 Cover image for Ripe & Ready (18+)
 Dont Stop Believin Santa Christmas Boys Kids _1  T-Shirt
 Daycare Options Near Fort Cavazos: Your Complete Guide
---
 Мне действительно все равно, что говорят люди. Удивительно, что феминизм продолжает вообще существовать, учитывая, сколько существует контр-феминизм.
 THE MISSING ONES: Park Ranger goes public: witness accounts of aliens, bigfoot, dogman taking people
...
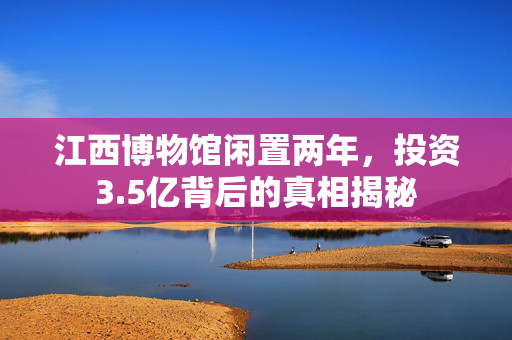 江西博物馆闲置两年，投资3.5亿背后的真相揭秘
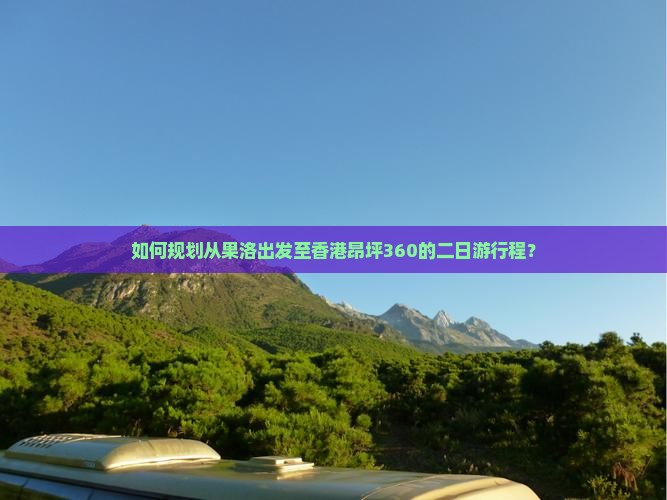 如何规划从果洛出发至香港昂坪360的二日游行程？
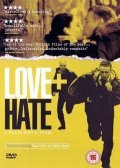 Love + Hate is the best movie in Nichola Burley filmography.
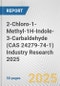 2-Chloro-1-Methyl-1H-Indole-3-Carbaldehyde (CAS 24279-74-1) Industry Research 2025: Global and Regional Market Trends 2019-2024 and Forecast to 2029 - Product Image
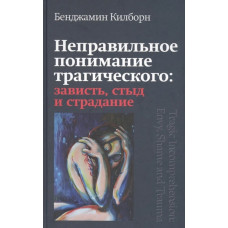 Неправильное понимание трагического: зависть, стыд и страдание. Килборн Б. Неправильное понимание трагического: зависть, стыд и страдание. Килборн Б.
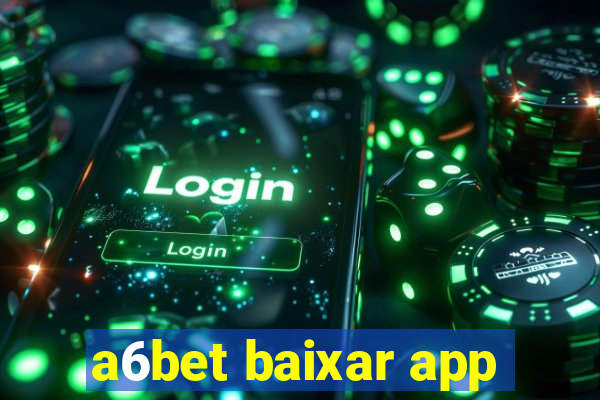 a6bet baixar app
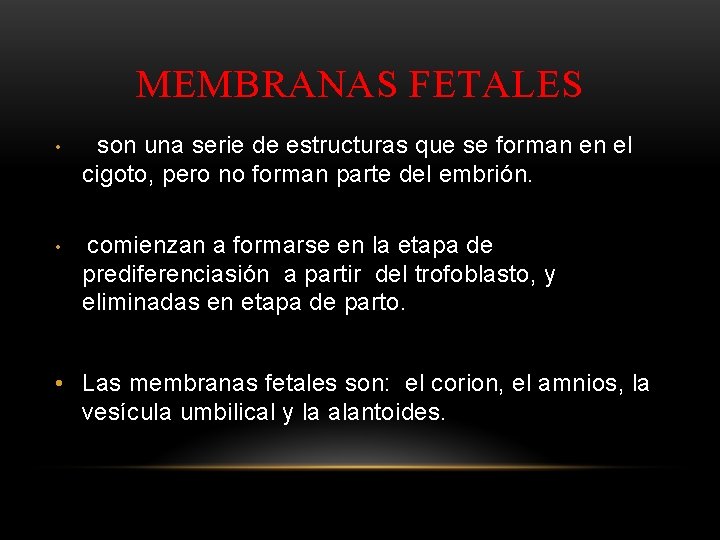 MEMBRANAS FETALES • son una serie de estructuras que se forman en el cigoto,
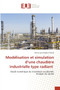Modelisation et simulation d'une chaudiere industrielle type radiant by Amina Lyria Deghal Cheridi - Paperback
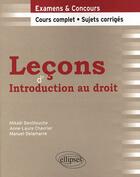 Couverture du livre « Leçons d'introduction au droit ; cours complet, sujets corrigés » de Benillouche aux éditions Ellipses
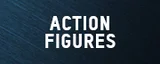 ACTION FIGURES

REQUIREMENT = Please output the lines of the listing above that fall in the stretch from the one with "Cover image for Ripe & Ready (18+)" through the one with "Daycare Options Near", exactly and only those.

EXERCISE OUTPUT =
 Cover image for Ripe & Ready (18+)
 Dont Stop Believin Santa Christmas Boys Kids _1  T-Shirt
 Daycare Options Near Fort Cavazos: Your Complete Guide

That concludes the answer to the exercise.